Inference#

One of the most classic applications of frequentist stastistics is the comparison of two groups to see if there is a difference in their means.

How is this done in the Bayesian setting?

The Bayesian Approach#

A Bayesian alternative is to compute the posterior distribution of the difference between the groups.

Then we can use that distribution to answer whatever questions we are interested in, including:

  • the most likely size of the difference

  • a credible interval that’s likely to contain the true difference

  • the probability of superiority

  • the probability that the difference exceeds some threshold.

Example: Improving Reading Ability#

To demonstrate this process, we’ll solve a problem about evaluating the effect of an educational “treatment” compared to a control.

_images/DALLE-23-third-graders-in-a-scientific-study.png

What’s the data?#

An educator conducted an experiment to test whether new directed reading activities in the classroom will help elementary school pupils improve some aspects of their reading ability. She arranged for a third grade class of 21 students to follow these activities for an 8-week period. A control classroom of 23 third graders followed the same curriculum without the activities.
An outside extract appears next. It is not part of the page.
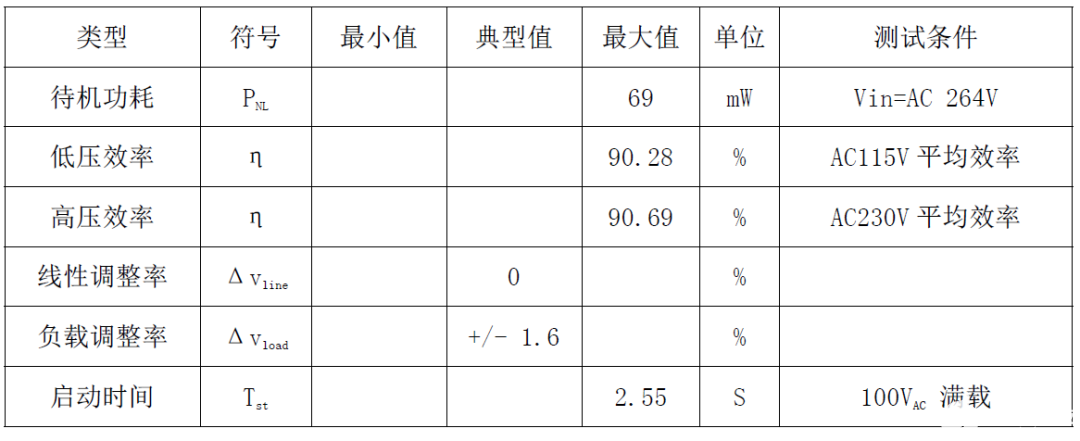 电源适配器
At the end of the 8 weeks, all students took a Degree of Reading Power (DRP) test, which measures the aspects of reading ability that the treatment is designed to improve.

df = pd.read_csv('images/drp_scores.csv')
df.head(3)
Treatment Response
0 Treated 24
1 Treated 43
2 Treated 58
_images/afc58ac67471856dc1924eceb51dfac773be1fe8b1459dbe91543337172e3273.png

Approaching the problem#

We’ll assume that for the entire population of students the distribution of scores is well modeled by a normal distribution with unknown mean and standard deviation.

We’ll use \(\mu\) and \(\sigma\) to denote these unknown parameters

And we’ll do a Bayesian update to estimate what they are.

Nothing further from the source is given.